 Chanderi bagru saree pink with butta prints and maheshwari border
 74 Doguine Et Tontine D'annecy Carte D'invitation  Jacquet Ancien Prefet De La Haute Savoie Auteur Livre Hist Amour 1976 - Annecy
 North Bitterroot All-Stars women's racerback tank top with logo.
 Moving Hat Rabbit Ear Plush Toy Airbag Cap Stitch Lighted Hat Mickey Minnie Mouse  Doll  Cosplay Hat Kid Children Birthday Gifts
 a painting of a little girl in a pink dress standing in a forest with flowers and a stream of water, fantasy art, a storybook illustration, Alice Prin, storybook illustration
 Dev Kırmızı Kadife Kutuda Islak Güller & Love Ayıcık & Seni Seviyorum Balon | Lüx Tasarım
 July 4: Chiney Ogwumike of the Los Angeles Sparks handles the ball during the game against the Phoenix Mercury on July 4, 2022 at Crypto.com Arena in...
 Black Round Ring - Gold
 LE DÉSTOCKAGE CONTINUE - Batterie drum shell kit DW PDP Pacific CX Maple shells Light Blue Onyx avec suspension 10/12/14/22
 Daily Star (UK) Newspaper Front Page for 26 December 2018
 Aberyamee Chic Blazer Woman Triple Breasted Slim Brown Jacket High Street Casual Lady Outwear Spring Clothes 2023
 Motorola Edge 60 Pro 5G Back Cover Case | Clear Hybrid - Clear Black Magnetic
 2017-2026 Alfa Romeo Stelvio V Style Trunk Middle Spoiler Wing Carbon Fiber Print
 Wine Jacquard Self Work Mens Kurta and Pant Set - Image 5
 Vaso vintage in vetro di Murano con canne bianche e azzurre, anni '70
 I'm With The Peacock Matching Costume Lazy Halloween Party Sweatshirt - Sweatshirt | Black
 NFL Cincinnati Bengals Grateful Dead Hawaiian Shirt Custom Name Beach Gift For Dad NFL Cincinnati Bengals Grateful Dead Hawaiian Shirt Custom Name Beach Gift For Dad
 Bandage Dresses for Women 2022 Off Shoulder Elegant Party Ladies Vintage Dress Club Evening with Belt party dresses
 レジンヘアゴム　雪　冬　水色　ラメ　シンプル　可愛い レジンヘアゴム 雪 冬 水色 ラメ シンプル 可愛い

########################################

● **Exercise goal**:
Copying word for word, give each line of the data above from the first one through the line containing "July 4: Chiney", and nothing else.

● **Output for this task**:
 Chanderi bagru saree pink with butta prints and maheshwari border
 74 Doguine Et Tontine D'annecy Carte D'invitation  Jacquet Ancien Prefet De La Haute Savoie Auteur Livre Hist Amour 1976 - Annecy
 North Bitterroot All-Stars women's racerback tank top with logo.
 Moving Hat Rabbit Ear Plush Toy Airbag Cap Stitch Lighted Hat Mickey Minnie Mouse  Doll  Cosplay Hat Kid Children Birthday Gifts
 a painting of a little girl in a pink dress standing in a forest with flowers and a stream of water, fantasy art, a storybook illustration, Alice Prin, storybook illustration
 Dev Kırmızı Kadife Kutuda Islak Güller & Love Ayıcık & Seni Seviyorum Balon | Lüx Tasarım
 July 4: Chiney Ogwumike of the Los Angeles Sparks handles the ball during the game against the Phoenix Mercury on July 4, 2022 at Crypto.com Arena in...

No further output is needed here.